Climate Change 2001:
Working Group I: The Scientific Basis
Other reports in this collection Mineral dust aerosols

Levin et al. (1996) observed desert dust particles coated with sulphate. Such particles may originate from in-cloud scavenging of interstitial dust particles followed by evaporation of the cloud droplets, condensation of SO2 onto dust followed by oxidation, or even coagulation of dust and sulphate particles. The presence of soluble material (which may be of anthropogenic origin) on the desert dust particles converts them into large and effective CCN which may affect the cloud microphysics. Whether this effect results in a significant climate forcing has not been investigated and cannot presently be quantified. Effect of gas-phase nitric acid

Kulmala et al. (1993, 1995, 1998) argued that enhanced concentrations of condensable vapours (such as HNO3 and HCl) in the atmosphere could affect cloud properties by facilitating the activation of cloud condensation nuclei. The impact of such an effect on the planetary cloud albedo has not been assessed.
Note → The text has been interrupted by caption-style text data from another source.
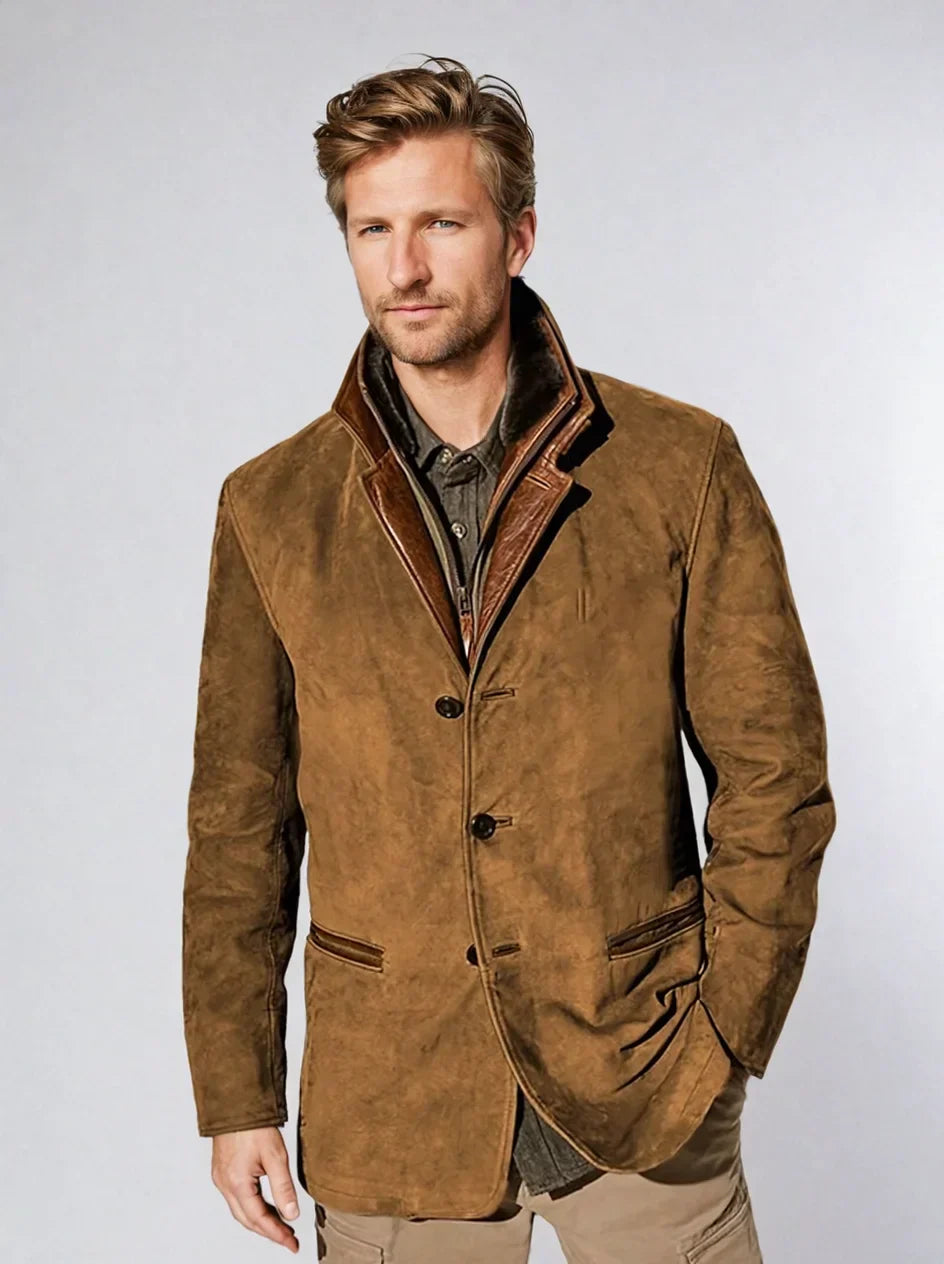 Luka - Veste vintage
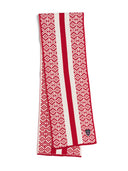 Dale Of Norway KVITEGGA SCARF - Halstücher bei PeakStyle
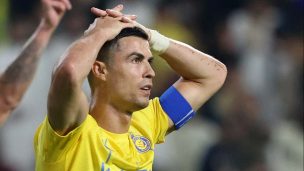 En la mira: Cristiano Ronaldo es investigado por presunta estafa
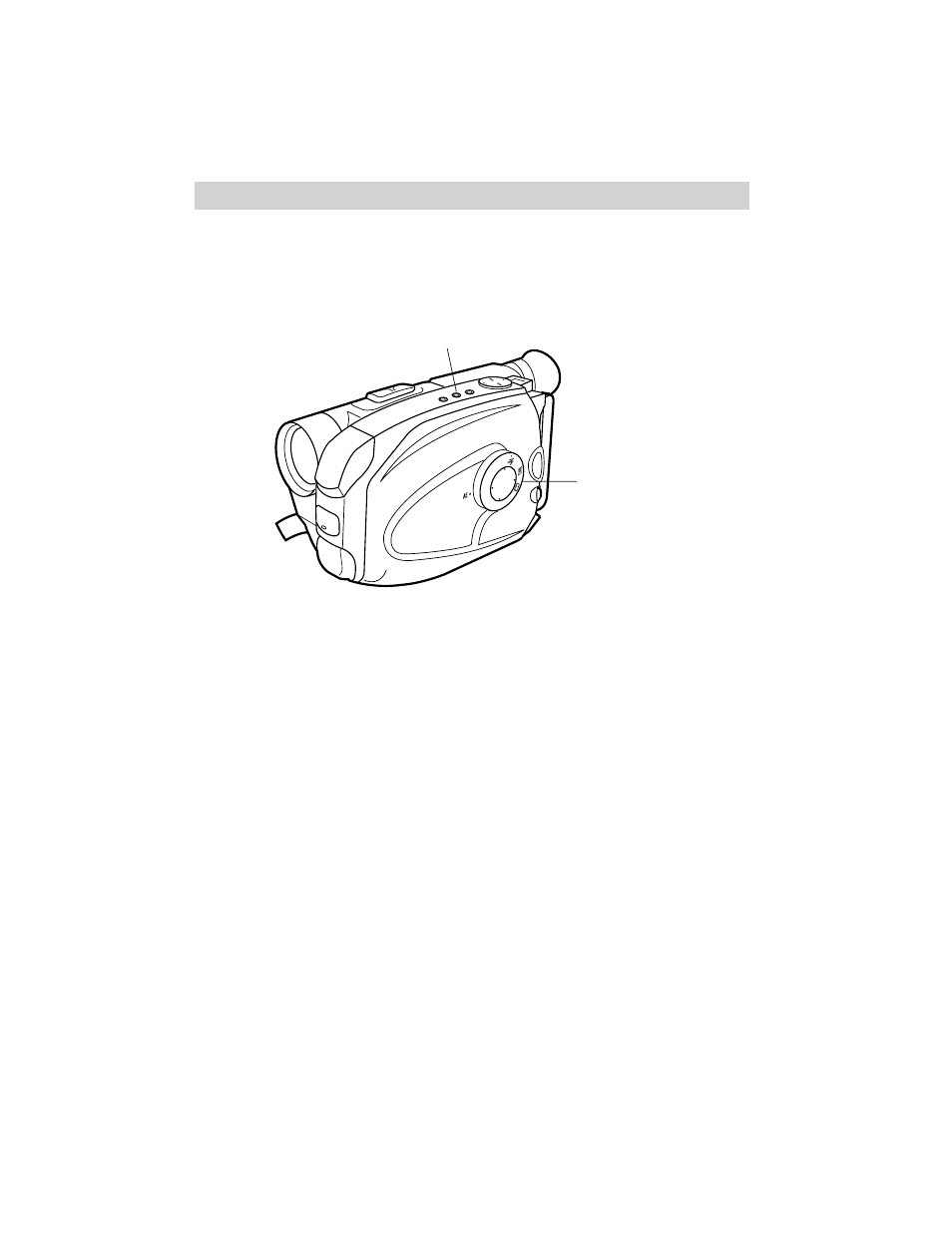 Date and time display, Record the date, time, and title displays, Ae dial date/time button | RCA CC6271 User Manual | Page 22 / 92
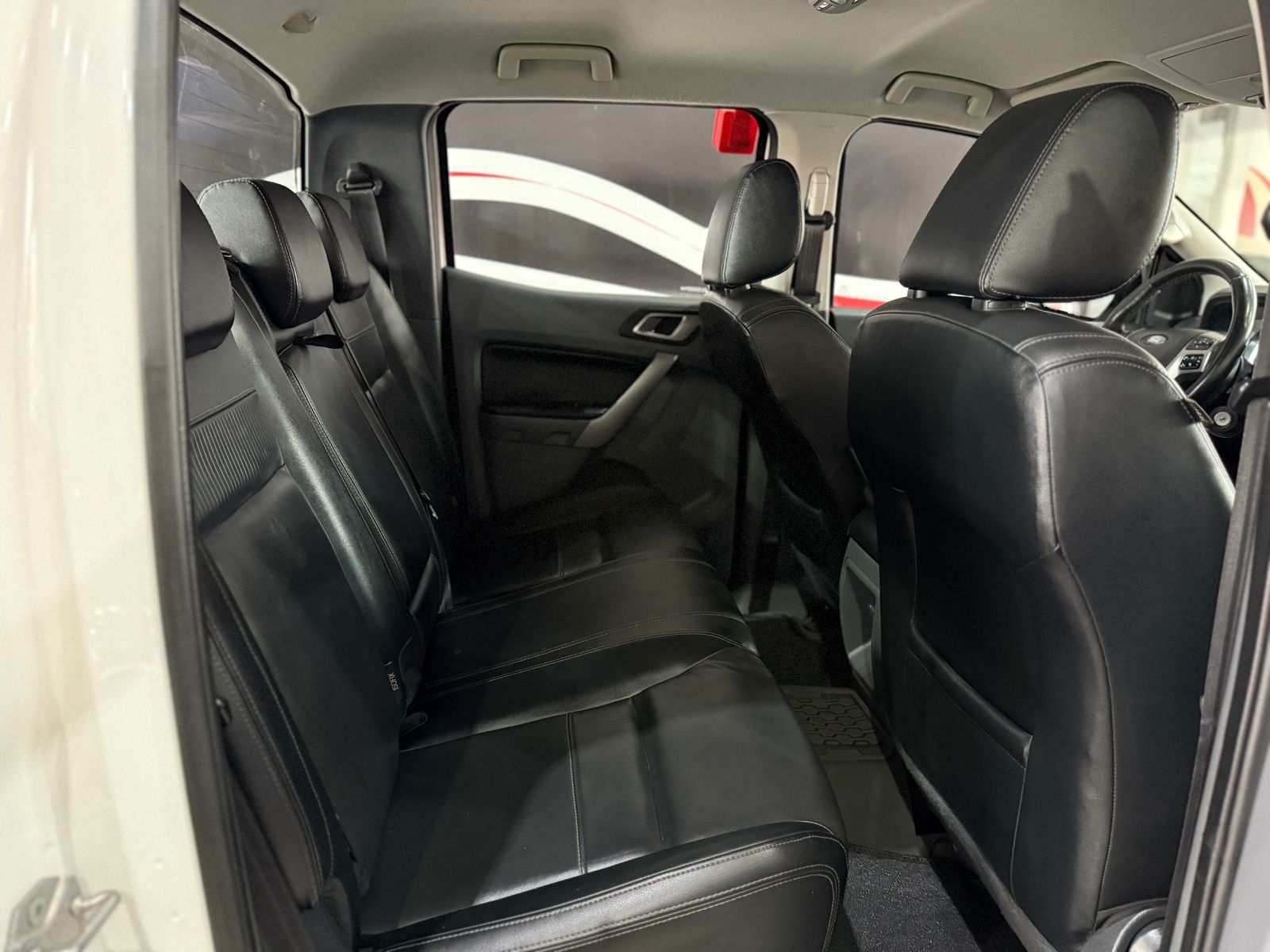 Ranger XLT 3.2 20V 4×4 CD Diesel Aut.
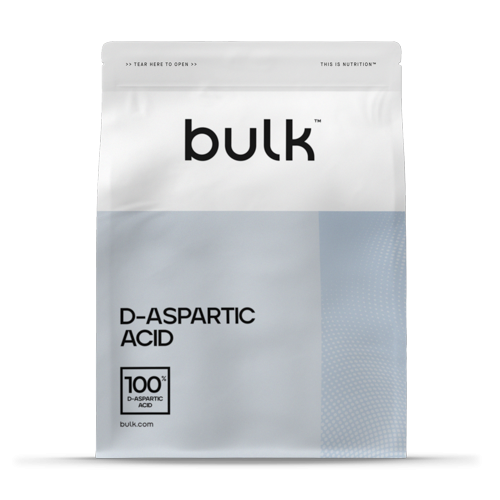D Aspartic Acid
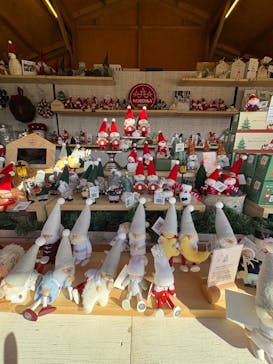 Christmas Market in 横浜赤レンガ倉庫 2025に投稿された画像（2025/12/7）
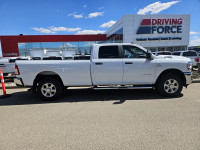 2023 Ram 3500 Big Horn 4x4 Crew Cab 8' Box, 6.7L V8 Diesel, BigHorn Level 1 Equipment Group, Remote... (image 6)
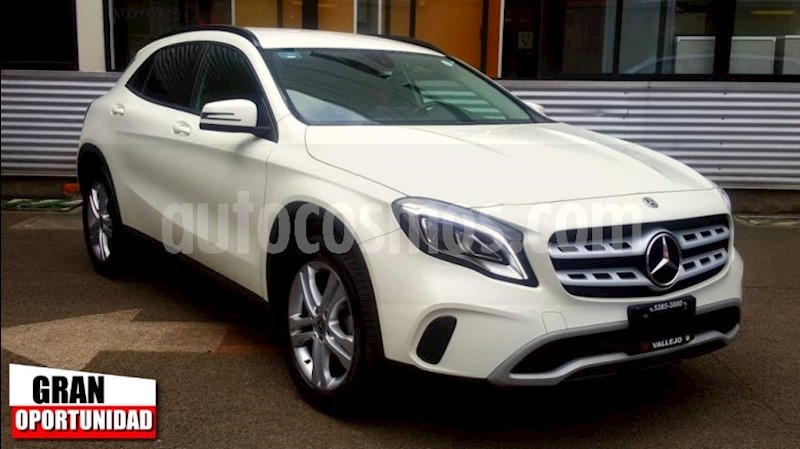 foto Mercedes Benz Clase GLA 5p GLA 200 Sport L4/1.6 Aut usado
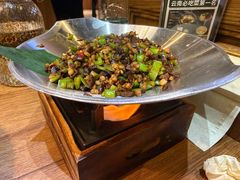 -云海肴汽锅鸡·云南小炒(天津国金汇店)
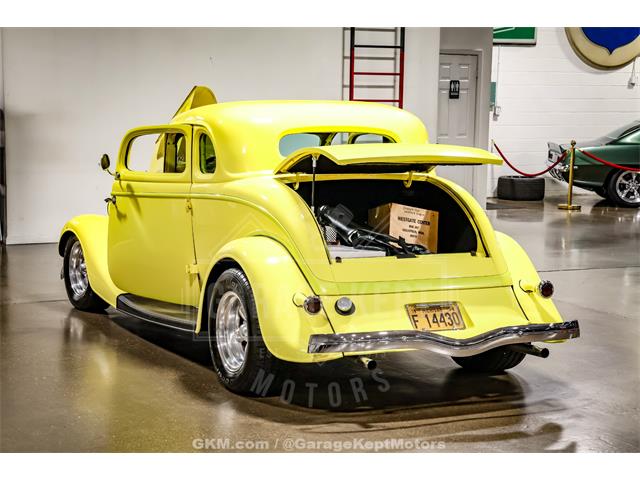 1934 Ford Coupe (CC-2115998) for sale in Grand Rapids, Michigan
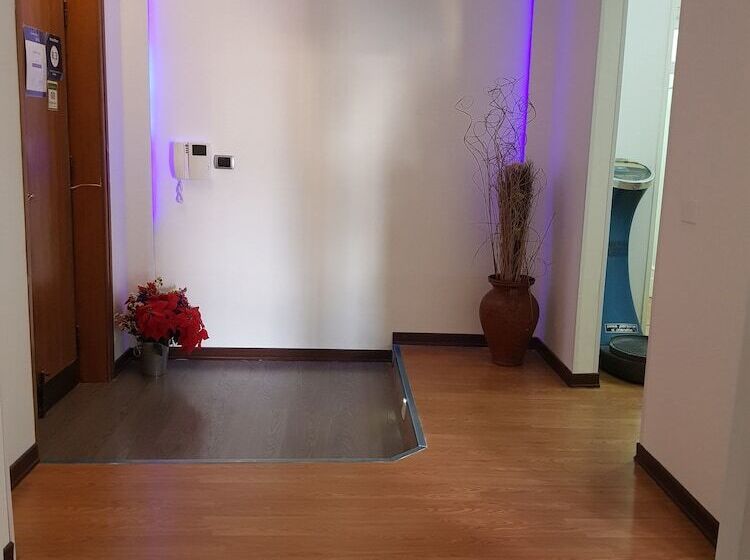 تختخواب و صبحانه Rooms2rent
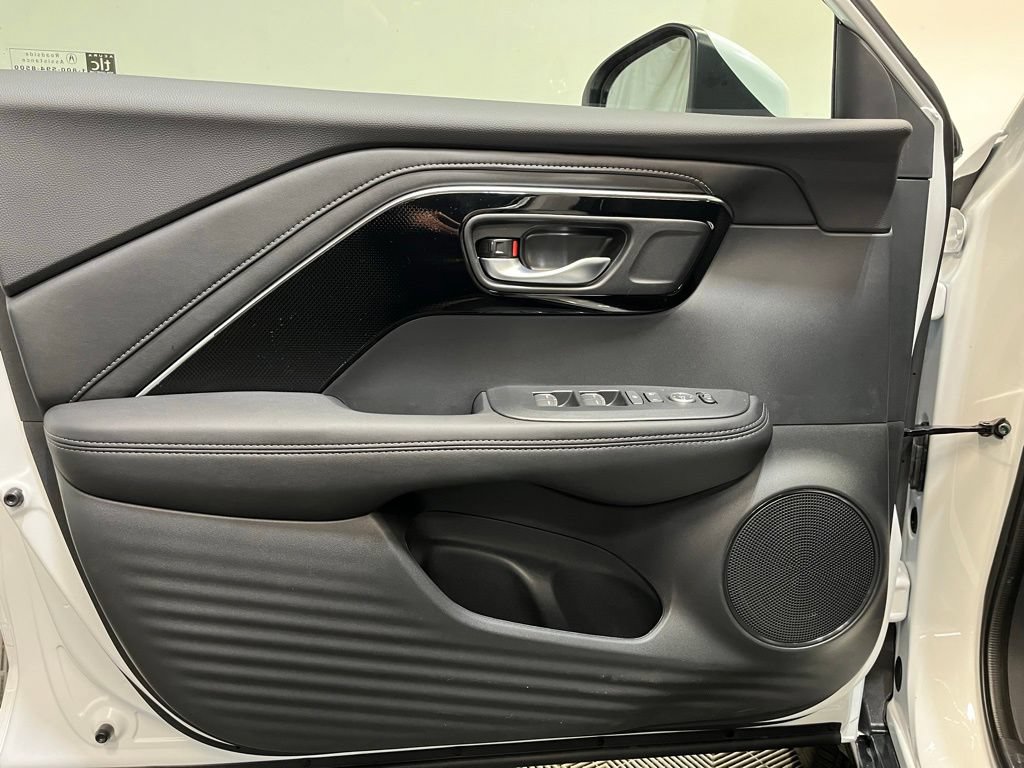 New 2026 Acura ADX AWD image 13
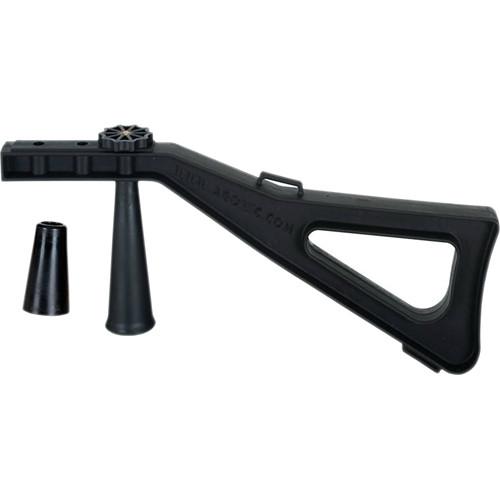 Stedi-Stock Black with Quick Release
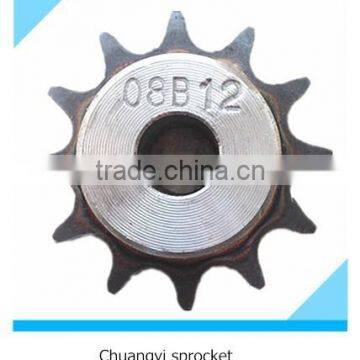 DIN specification 80 series chain sprocket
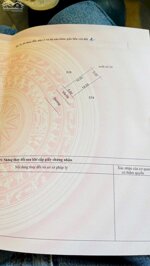 Bán gấp 70m đất đấu giá đồng than yên mỹ giá chỉ hơn 2 tỷ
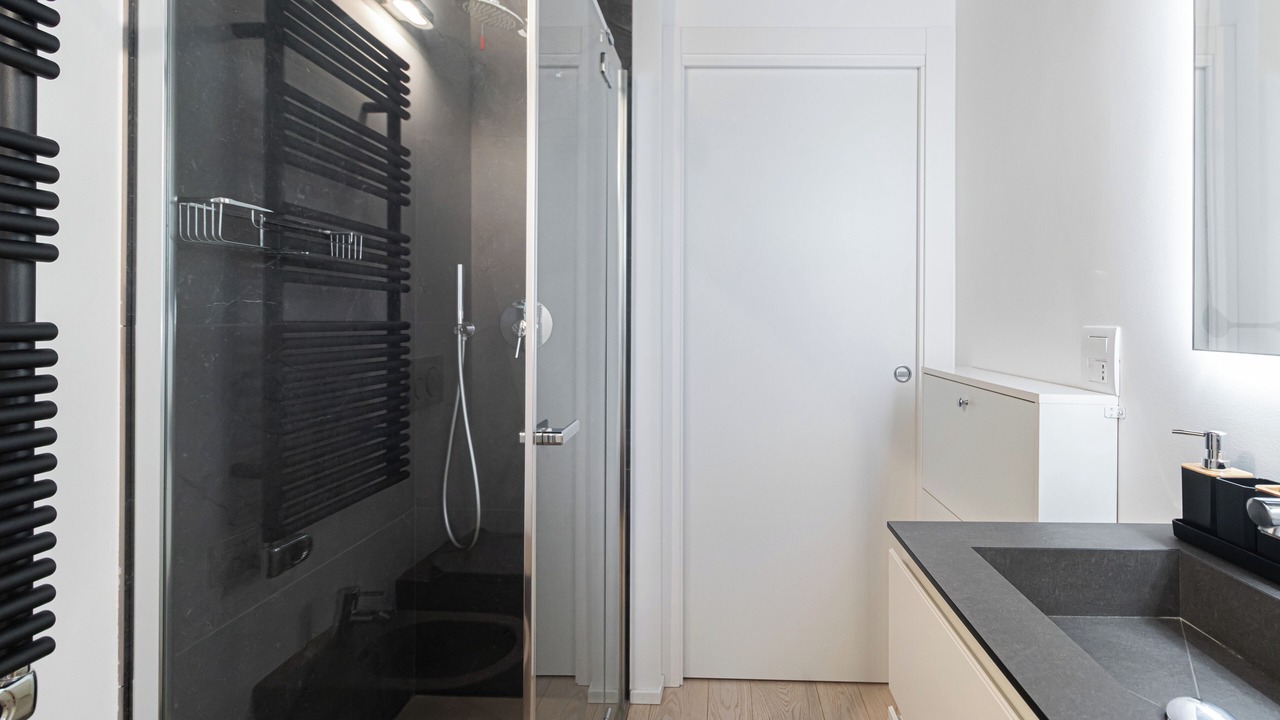 Photo of Bathroom in Monza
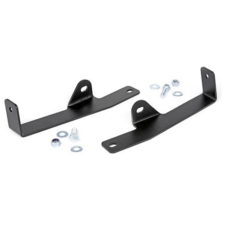 Ford F-150 Light Bar Bumper Mount: 20 Inch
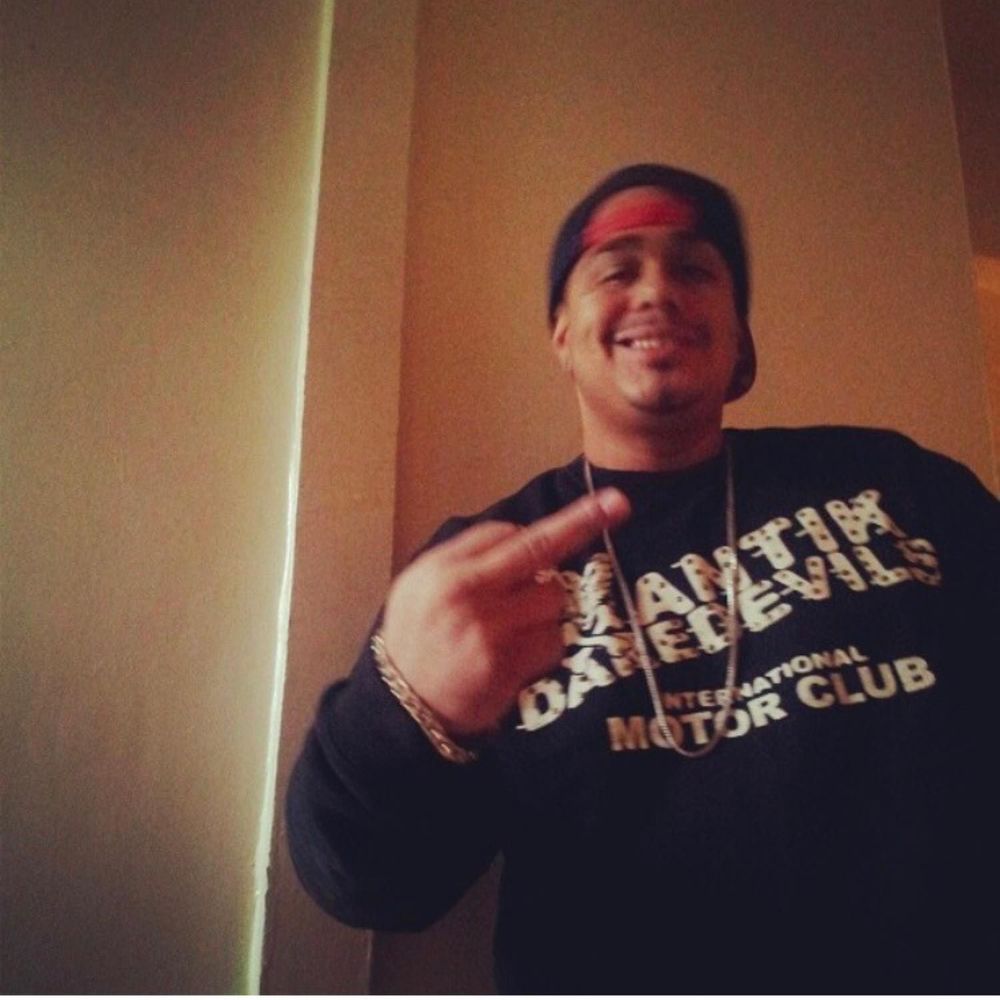 Meet your Posher, David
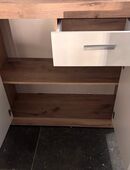 Kommode (90x39x94,5) wie Neu! in 52066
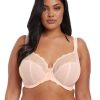 Bras Forever Yours Lingerie Full Support | Elomi Charley Plunge Bra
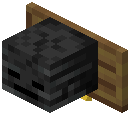Wither Skeleton Trophy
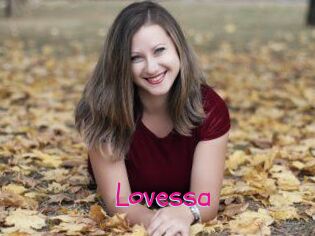 Lovessa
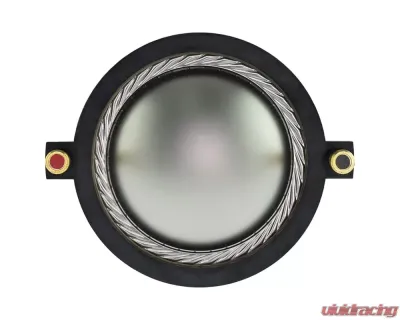 DS18 PRO 3" Titanium Replacement Diaphragm for PRO-DRN3 and Universal 8-Ohm - PRO-DRN3VC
6.8.4 Indirect Methods for Estimating the Indirect Aerosol Effect The “missing” climate forcing

Hansen and colleagues have used two alternative approaches to characterise and quantify any “missing” climate forcing besides that due to greenhouse gases, solar constant, O3, and aerosol direct effect. Hansen et al. (1995) used a simplified GCM to investigate the impacts of various climate forcings on the diurnal cycle of surface air temperature and compared them with observations. They found that, although the aerosol direct effect or an increase in continental cloud albedo could contribute to damp the surface temperature diurnal cycle, only an increase in continental cloud cover would be consistent with observations (Karl et al., 1993). The required cloud increase depends on cloud height and would be of the order of 1% global coverage for low clouds (i.e., 2 to 5% over land). We cannot rule out that such a change is an unidentified cloud feedback rather than a forcing. Hansen et al. (1997b) also argued that agreement between observed and computed temperature trends requires the presence of another forcing of at least -1 Wm-2 which is inferred as being due to the indirect effect. In their calculations, the direct tropo-spheric aerosol effect does not play a large net role, because the moderately absorbing aerosol assumption leads to an offset between its sunlight reflecting and absorbing properties insofar as the top of the atmosphere irradiance change is concerned. However, this method assumes that the observed change in temperature since pre-industrial times is primarily a response to anthropogenic forcings, that all the other anthropogenic forcings are well quantified, and that the climate sensitivity parameter (Section 6.1) predicted by the GCM is correct (Rodhe et al., 2000). Therefore it may simply be a coincidence that the estimate of Hansen et al. (1997b) is consistent with the GCM estimates discussed above. Remote sensing of the indirect effect of aerosols

Han et al. (1994) analysed AVHRR satellite radiances to retrieve the cloud droplet size of low-level clouds. They reported significant inter-hemispheric differences for both maritime and continental clouds. Boucher (1995) showed that, if this difference is to be attributed to anthropogenic aerosols, it implies a differential forcing of about -1 Wm-2 between the two hemispheres. Assuming a Northern Hemisphere to Southern Hemisphere ratio of 2:1 for the aerosol indirect effect, this would imply a globally-averaged forcing of -1.5 Wm-2. It is not clear, however, to what extent changes in cloud droplet size are related to change in aerosol concentrations. For instance, Han et al. (1998) showed that cloud albedo decreases with decreasing droplet size for the optically thinner clouds over the oceans. While this does not invalidate the aerosol indirect effect at all, it underlines the limitations in using satellite observed changes in droplet size to compute the aerosol indirect forcing. Therefore it seems difficult at present to use satellite observations to estimate the first aerosol indirect forcing unless some changes in cloud albedo could be tied to changes in aerosol concentrations under the assumption of constant liquid water content. Satellite observations do play, however, a key role for evaluating models of the indirect aerosol radiative effect (Ghan et al., 2001b).